* Records provided
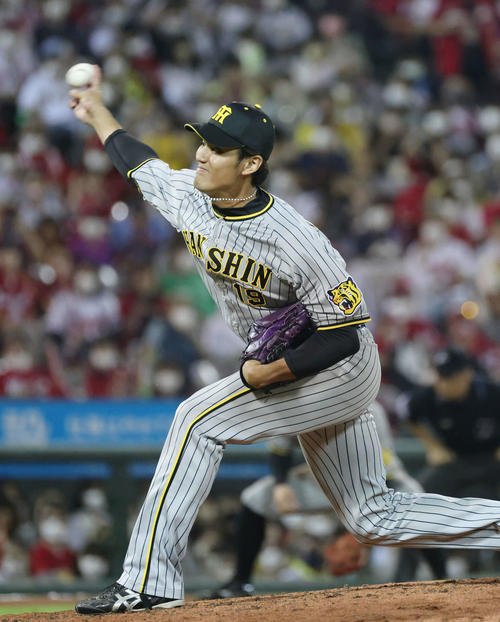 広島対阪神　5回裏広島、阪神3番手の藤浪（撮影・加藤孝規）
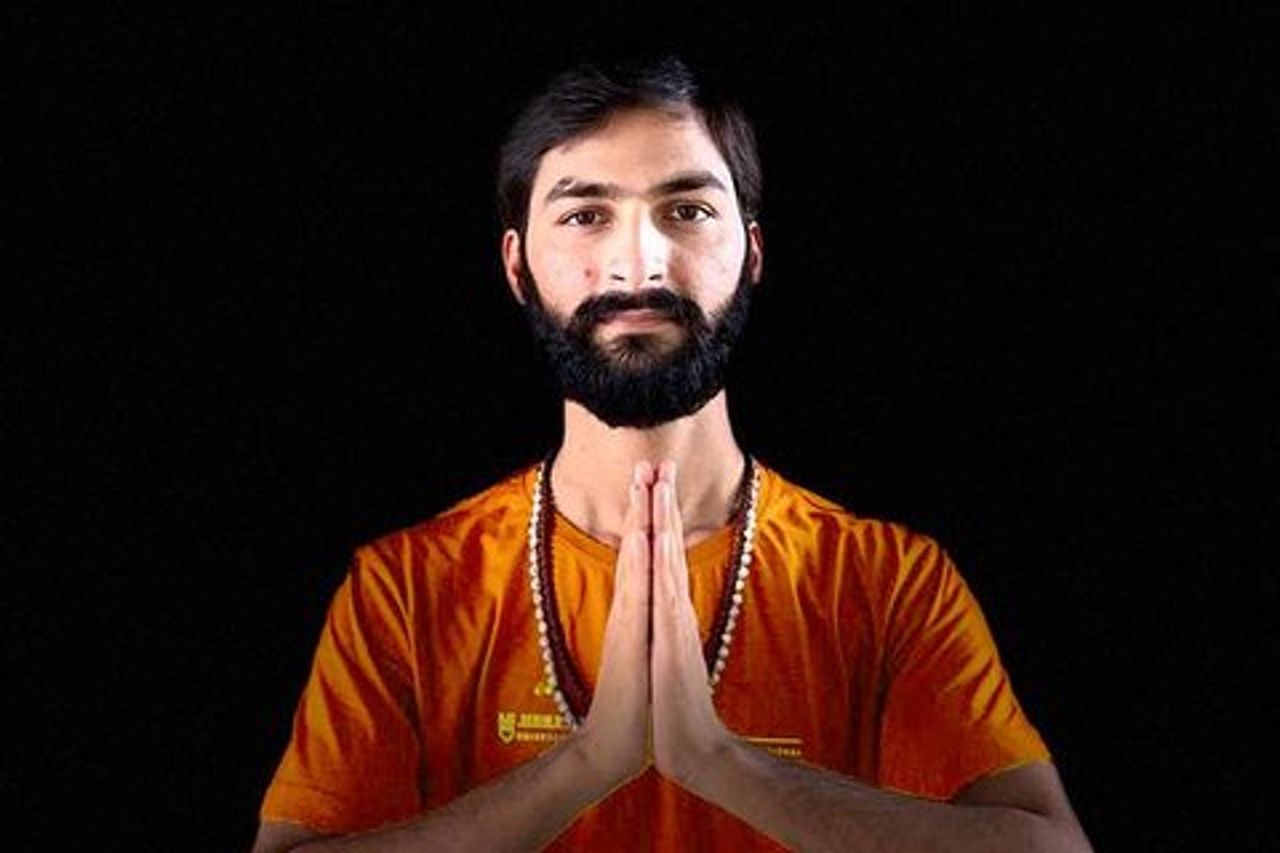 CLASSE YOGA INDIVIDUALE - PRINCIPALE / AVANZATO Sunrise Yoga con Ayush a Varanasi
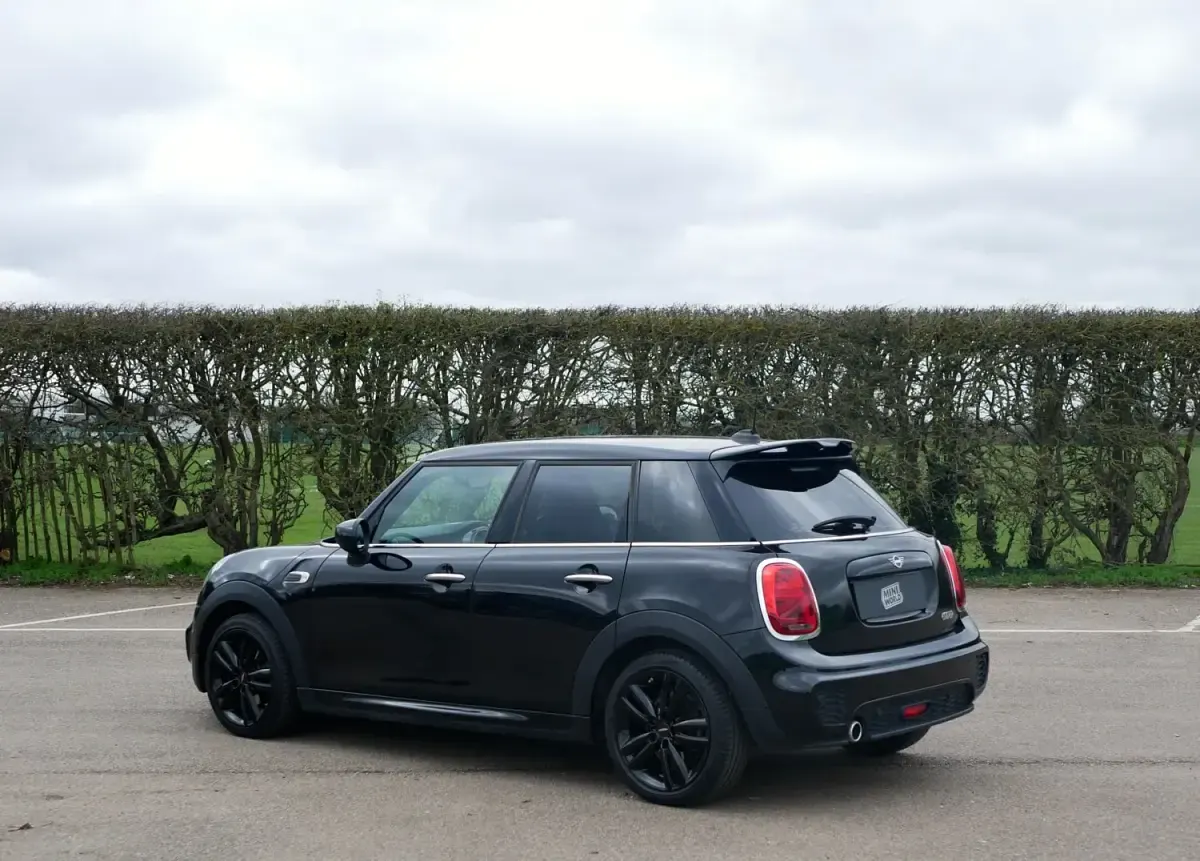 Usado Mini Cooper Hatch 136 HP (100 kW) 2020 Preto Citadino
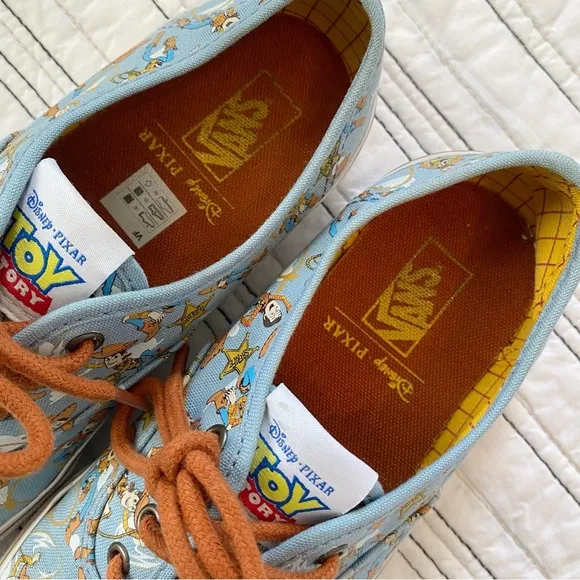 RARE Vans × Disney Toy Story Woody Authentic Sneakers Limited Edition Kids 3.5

---

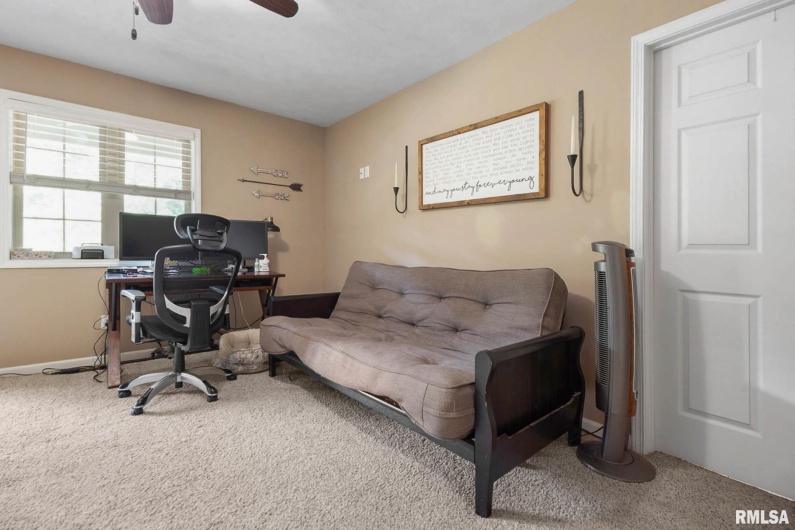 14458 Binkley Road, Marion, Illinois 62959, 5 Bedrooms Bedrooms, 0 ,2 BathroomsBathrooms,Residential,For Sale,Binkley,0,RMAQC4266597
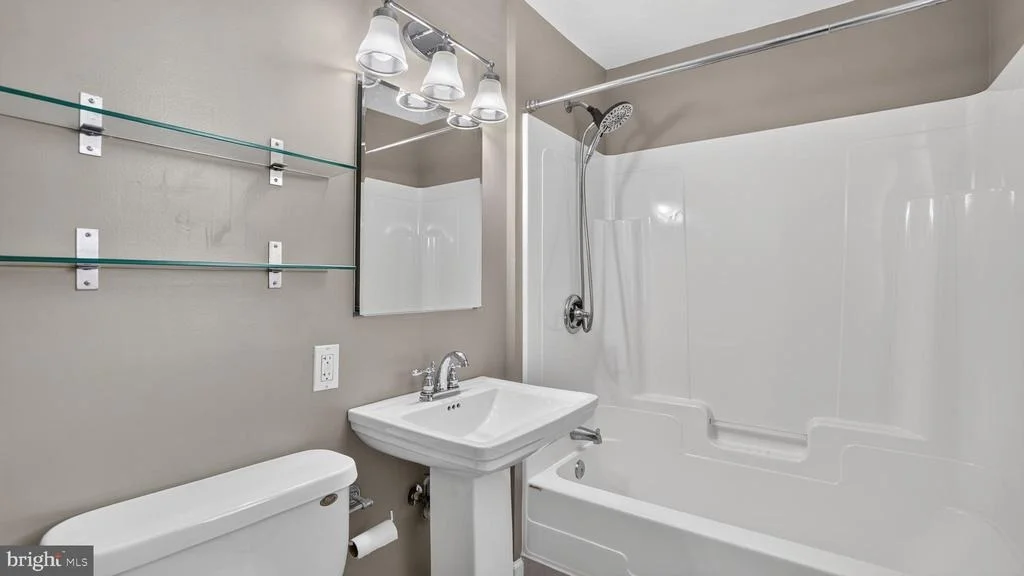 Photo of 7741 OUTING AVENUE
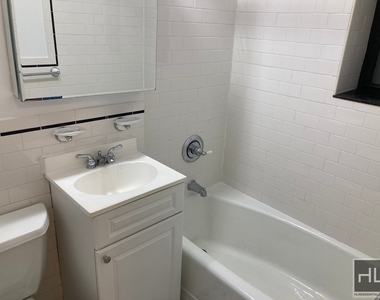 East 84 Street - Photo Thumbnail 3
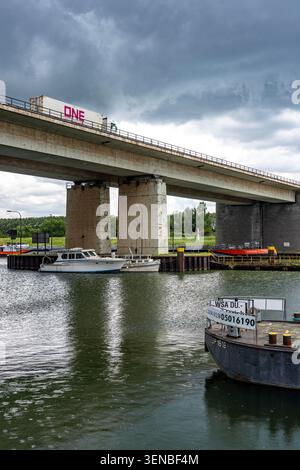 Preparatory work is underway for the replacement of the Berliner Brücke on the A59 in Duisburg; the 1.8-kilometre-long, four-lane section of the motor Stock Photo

* What you need to do
The line holding "Photo of 7741 OUTING AVENUE" starts the copy and the line holding "Preparatory work is" ends it. Repeat those two lines above and all between them exactly, leaving out pictures.

* Result
 Photo of 7741 OUTING AVENUE
 East 84 Street - Photo Thumbnail 3
 Preparatory work is underway for the replacement of the Berliner Brücke on the A59 in Duisburg; the 1.8-kilometre-long, four-lane section of the motor Stock Photo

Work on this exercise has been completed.